Me mandaron a casa tal cual estaba. No hace falta mucha imaginación para describir la situación; la materia se deslizaba entre la pierna y el pantalón, llegando hasta los zapatos. Por la calle, cartera en mano balanceándola como a modo de juego, tratando de disimular lo evidente y de mantener la mente ocupada en algo distinto, evitando pensar en la probable reacción de mi madre.
Mi madre me recibió, no con los brazos abiertos, estupefacta ante el panorama. Confundida no sabía si regañarme, darme un azote o qué decir.
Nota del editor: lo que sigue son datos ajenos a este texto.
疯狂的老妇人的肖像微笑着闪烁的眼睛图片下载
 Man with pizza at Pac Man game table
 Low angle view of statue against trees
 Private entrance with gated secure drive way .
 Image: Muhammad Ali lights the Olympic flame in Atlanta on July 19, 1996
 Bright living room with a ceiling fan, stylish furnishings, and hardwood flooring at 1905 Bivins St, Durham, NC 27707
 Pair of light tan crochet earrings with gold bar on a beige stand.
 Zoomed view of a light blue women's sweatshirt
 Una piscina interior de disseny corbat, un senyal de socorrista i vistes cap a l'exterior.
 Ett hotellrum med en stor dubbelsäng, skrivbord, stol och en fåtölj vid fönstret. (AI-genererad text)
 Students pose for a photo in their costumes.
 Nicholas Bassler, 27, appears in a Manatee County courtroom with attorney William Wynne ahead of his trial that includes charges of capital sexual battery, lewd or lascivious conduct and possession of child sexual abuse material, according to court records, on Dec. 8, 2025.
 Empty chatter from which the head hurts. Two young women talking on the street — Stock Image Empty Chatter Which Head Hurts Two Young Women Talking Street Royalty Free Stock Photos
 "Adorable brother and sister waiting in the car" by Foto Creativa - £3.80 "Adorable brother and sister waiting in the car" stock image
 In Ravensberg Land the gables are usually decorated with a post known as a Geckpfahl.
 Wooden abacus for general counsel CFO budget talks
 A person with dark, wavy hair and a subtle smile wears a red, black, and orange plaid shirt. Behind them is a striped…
Es una de estas situaciones en las que no sabes con certeza como reaccionar, porque culpa había por mi parte ante una situación que no tenía que haberse producido y culpa también por la rigidez del sistema educativo basado un poco en la represión y en el sentido de la autoridad que era inquebrantable.
Al final de todo me vi sentado encima de una gran caja de madera, una de cuando mi abuelo tenía su fábrica de jabón, con mi madre limpiándome de cintura para bajo mientras que por su boca salían sapos y culebras.